● Problem details:
In the records below, find the line with "M&S Flint Vineyard"; retype that line and all the following lines through the end, exactly, and add nothing.

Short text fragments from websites
□ □ □ □ □

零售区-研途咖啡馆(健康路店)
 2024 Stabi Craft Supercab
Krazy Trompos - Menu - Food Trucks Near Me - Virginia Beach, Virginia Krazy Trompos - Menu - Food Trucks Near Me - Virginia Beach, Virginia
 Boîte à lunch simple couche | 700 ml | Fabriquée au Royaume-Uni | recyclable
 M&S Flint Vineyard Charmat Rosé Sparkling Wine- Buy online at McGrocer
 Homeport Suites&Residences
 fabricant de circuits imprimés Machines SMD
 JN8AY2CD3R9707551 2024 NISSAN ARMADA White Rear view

□ □ □ □ □

● Result for this task:
 M&S Flint Vineyard Charmat Rosé Sparkling Wine- Buy online at McGrocer
 Homeport Suites&Residences
 fabricant de circuits imprimés Machines SMD
 JN8AY2CD3R9707551 2024 NISSAN ARMADA White Rear view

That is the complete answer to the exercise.